Corporate Social Responsibility
Drive Social Change
Writer Corporation believes in creating future value. It supports social welfare initiatives and adopts sustainable measures as part of its social outreach program.
In 1981, way before Corporate Social Responsibility (CSR) found acceptance amongst companies, Writer Corporation started the support to KRIPA Foundation. KRIPA helps people afflicted and affected by chemical dependency and related HIV problems.
Today, KRIPA has evolved today into the largest non-government, secular organization under the Ministry of Social Justice and Empowerment, Government of India.
As part of an all-round development of marginalized communities, Writer Corporation also reaches out to remote rural pockets providing infrastructure for education, water portability, and sanitation, to bring qualitative changes into the lives of the underprivileged.
Drive Conservation & Sustainability
It all started with a deep connection to nature. The two brothers - William De Souza and Denzil De Souza - discovered Shillim Valley, a unique bowl-shaped eco-hotspot, nestled in the Sahyadri mountain range.
They soon understood that the forested valley was under constant threat from unsustainable 'slash and burn' agricultural practices by the local Adivasi community. This was a farming practice that evolved from a lack of economic alternatives and from the sheer need to survive.
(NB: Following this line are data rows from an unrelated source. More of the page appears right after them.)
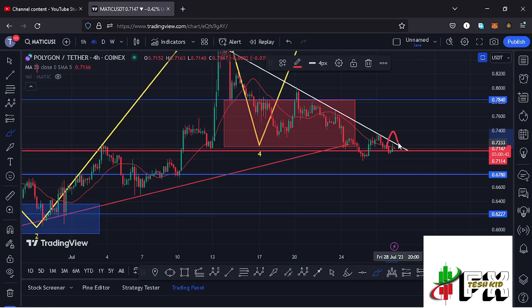From that point I can continue expecting higher prices, having my next target areas at around the $0.784 mark, where we have a very significant area of resistance. And if by any chance we manage to break above that, then we can expect MATIC to get us above the $0.80 mark. That is the next trade setup I'm watching on the MATIC chart.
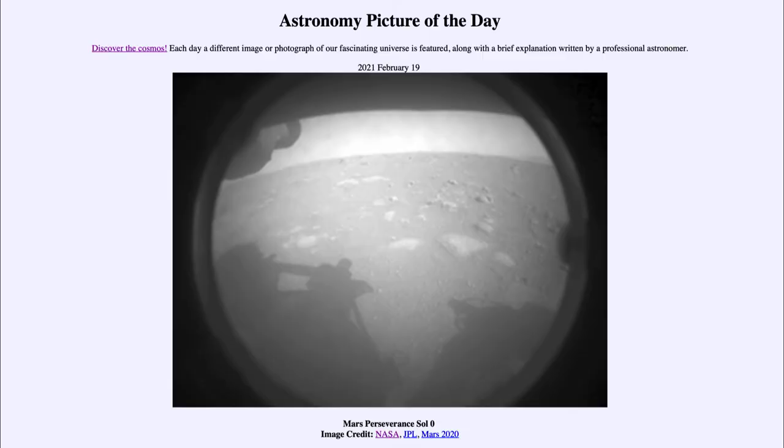Greetings and welcome to the Introduction to Astronomy. One of the things that I like to do in each of my introductory astronomy classes is to begin the class with the Astronomy Picture of the Day from the NASA website, that is apod.nasa.gov/apod.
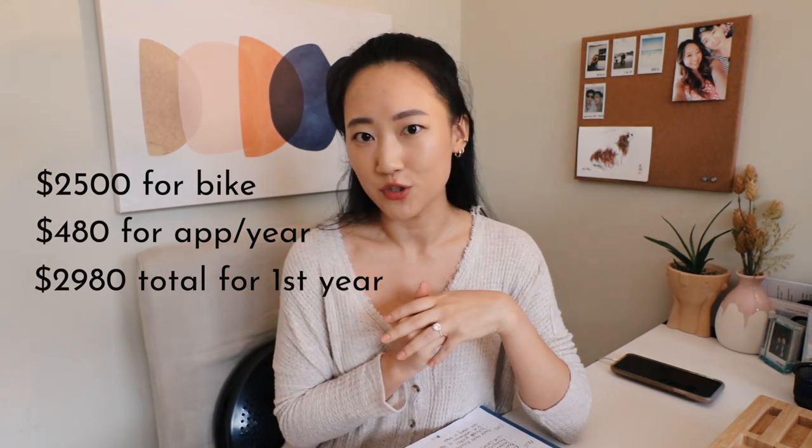Let me do some simple math. The bike itself is $2,500 and the app costs $40 per month. $40 times 12 months equals $480 for the entire year. So $2,500 plus $480 equals $2,980 in total for the entire first year — and obviously you only purchase the bike once.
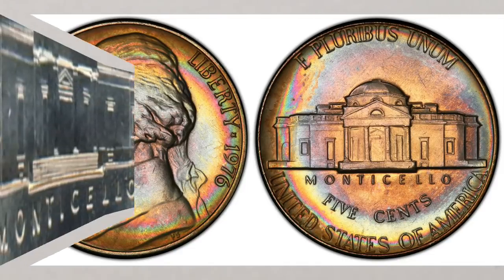Some regular strike nickel coins might have a Full Steps, or FS, designation. The FS designation means the coin will have at least five separated steps or lines at the base of Monticello, and the coin needs to be struck in at least MS 60 condition. This designation applies only to regular coins struck for business use, not proof coins. This designation always brings extra money to any nickel.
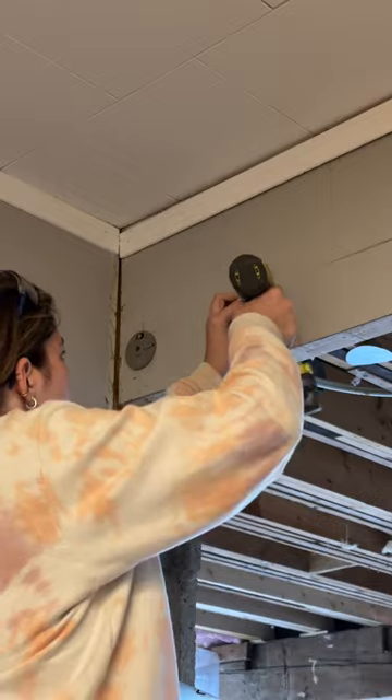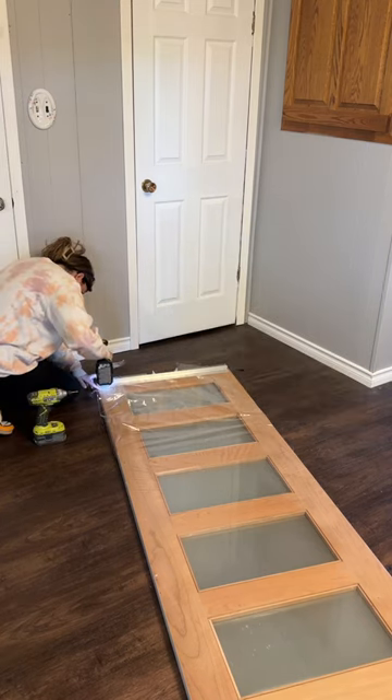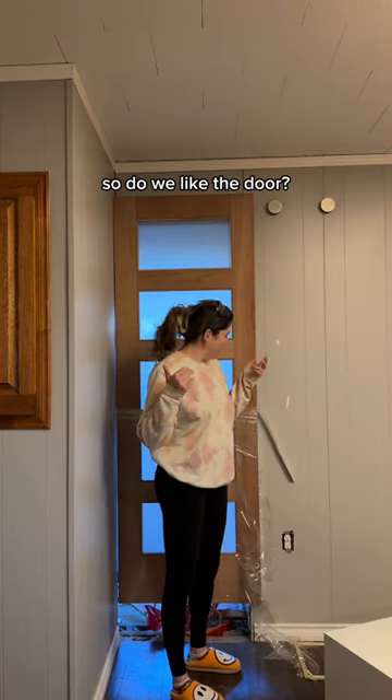I don't love the look of a traditional farmhouse style track system, so instead I found this — it's an almost invisible sliding door system. I honestly have no idea how it's supposed to work; it does seem to defy gravity just a little bit. But I followed the installation instructions it came with and it was honestly pretty easy. It just slides right on. Do we like the door?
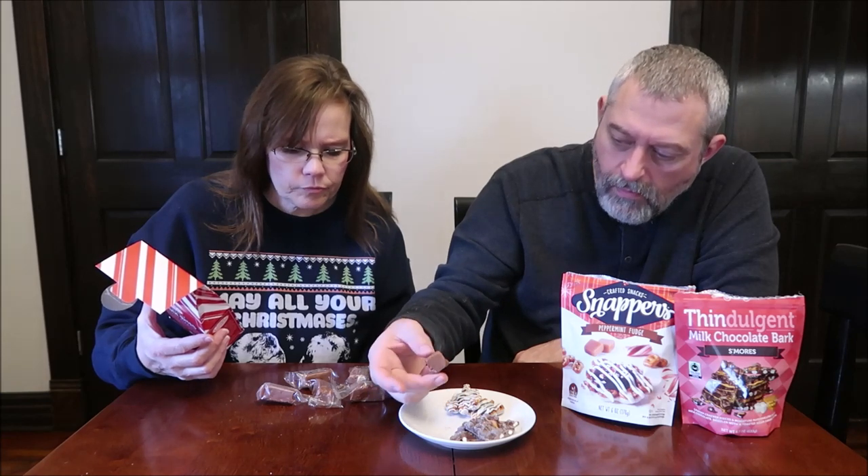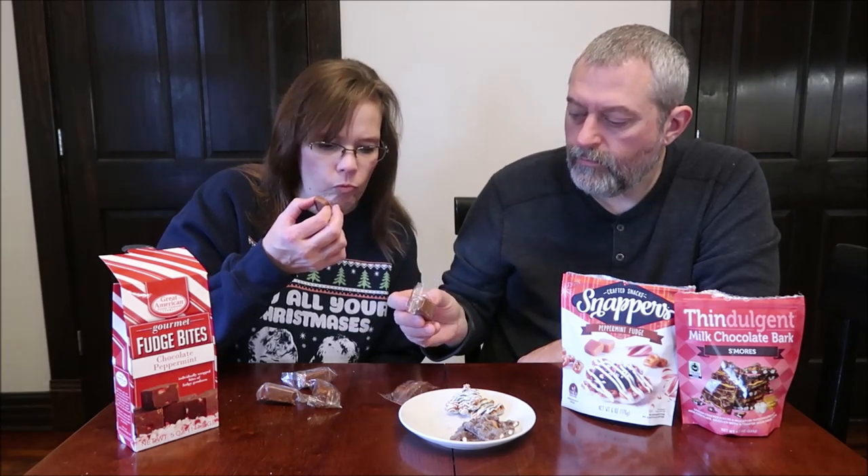There are supposed to be peppermint pieces in there, but I don't really see a lot. My piece did not have any peppermint pieces in it, and mine didn't either. I do get a teeny tiny hint of peppermint, but if you blindfolded me and gave me that without telling me, I wouldn't have even picked it up. Knowing it's there, I pick it up more just because I know. If you didn't tell me there's peppermint in there, I would never guess that.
As a result, the Adivasis put the immense beauty of this wilderness and its entire ecosystem at risk.
Each year, the two brothers witnessed the annual burning of virtually every forested hillside.
Radha Veach, a horticulturist, took on the ambitious goal of establishing a native species reforestation program. Committing to stay on-site, she scoured the forest for native seeds and grew them in a nursery on the banks of Pawna Lake.
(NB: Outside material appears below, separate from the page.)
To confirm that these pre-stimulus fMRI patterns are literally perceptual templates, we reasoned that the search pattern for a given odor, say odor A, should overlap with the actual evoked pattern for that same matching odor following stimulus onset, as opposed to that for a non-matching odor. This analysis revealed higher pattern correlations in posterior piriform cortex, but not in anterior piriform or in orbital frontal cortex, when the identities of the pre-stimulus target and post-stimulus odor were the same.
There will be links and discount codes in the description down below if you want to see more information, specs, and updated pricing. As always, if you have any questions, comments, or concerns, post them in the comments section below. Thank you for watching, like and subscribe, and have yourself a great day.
The program's logic was simple: a forest can regenerate fastest when its own species are allowed to act in symbiosis. At the same time, the men of the village were given economic status through jobs to guard the property, put out forest fires, prevent slash and burn, and stop wildlife hunting. Women were employed in the nursery and in the large annual pre-monsoon plantation program.
Today, Shillim Eco-Wellness Retreat conserves more than a million trees and safe harbours diverse flora and fauna. Once the reforestation program took hold, attention turned to thinking about the kind of project needed to sustain the maintenance and preservation of the forest. Through the meeting of similar minds, the idea to build an 'off the grid' Eco Retreat became apparent.
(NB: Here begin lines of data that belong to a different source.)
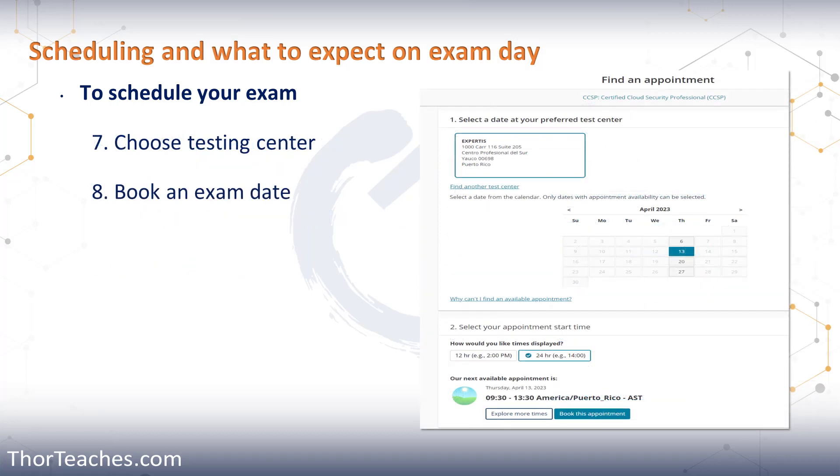Then you look for a testing center in your area — you can choose up to three options. Once you have chosen the test centers where you want to see the available dates, click Next in the bottom right corner. You'll be shown the calendar for that testing center with the next openings. You pick the date and the time, click 'Book This Appointment,' pay for the exam, and finish the signup.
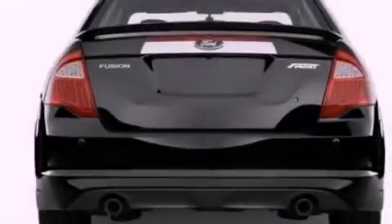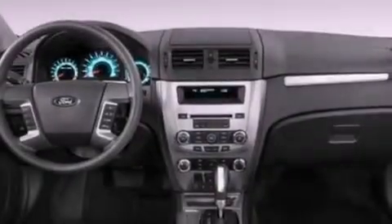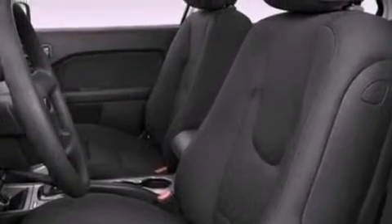The following features are also included: air conditioning, cruise control, full power accessories, a six-speaker audio system, four-wheel independent suspension, and a security system.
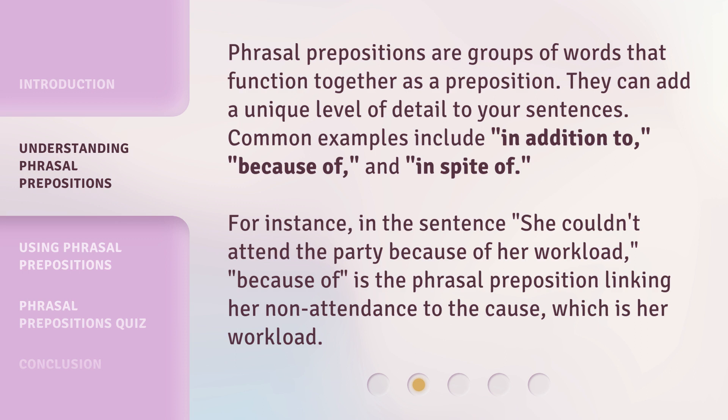Phrasal prepositions are groups of words that function together as a preposition. They can add a unique level of detail to your sentences. Common examples include: in addition to, because of, and in spite of.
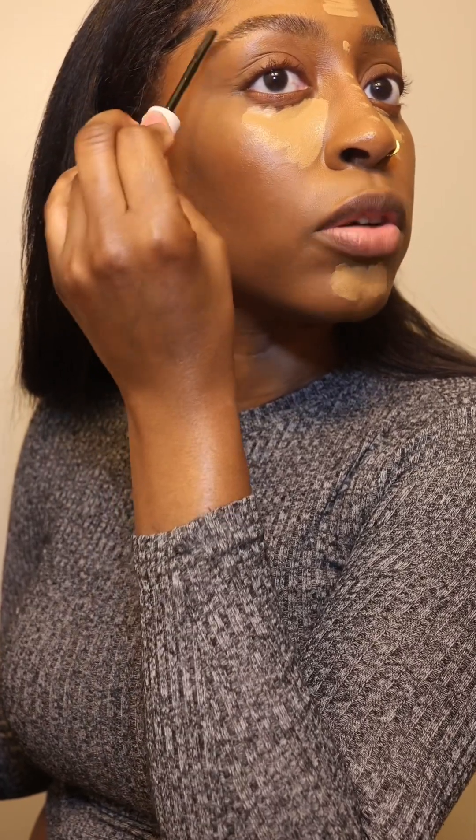Let's blend out this concealer. You can blend out your concealer with a brush or a sponge. Lately I've been leaning more towards a sponge. Blending it out with a sponge just seems like it's a lot better — the blend just looks better. It's easier. You can also use a brush to blend it out and then go in with a sponge to pick up any excess product.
Margie Ruddick, landscape architect, national design award winner, and master-planner, and Steven Harris, a design architect based in New York, came together to form the core team to re-imagine Shillim.
Their plan was to reforest the land and sustain development through an Eco Retreat. The Retreat would be built in nature without disturbing its natural beauty. Each room would offer the guests a blend of panoramic views with the thrilling experience of living in a forest. Finding the right balance between flora, fauna, and human habitation was critical.
As the Shillim journey unfolded, one of the brothers fell ill. After many soul-searching months, an expansion of the original mission occurred.
The project would become much more than an eco-retreat. It would be one of the foremost wellness destinations in the world, providing an exemplary sanctuary to the body, mind, and soul.
A wellness destination from where, after spending a few days or weeks, a guest would return re-energized to everyday life. Wellness programs would combine with art studios, leisure riding would combine with a cooking school, and organic farming would complement deep meditation practices - to create experiences all in tune with the wilderness setting.
Shillim now has developed a purpose beyond conservation. It has taken 25 years to hold and conserve the valley. It took 10 years to design and build Shillim Retreat. Conserving the earth would resonate well with conserving health.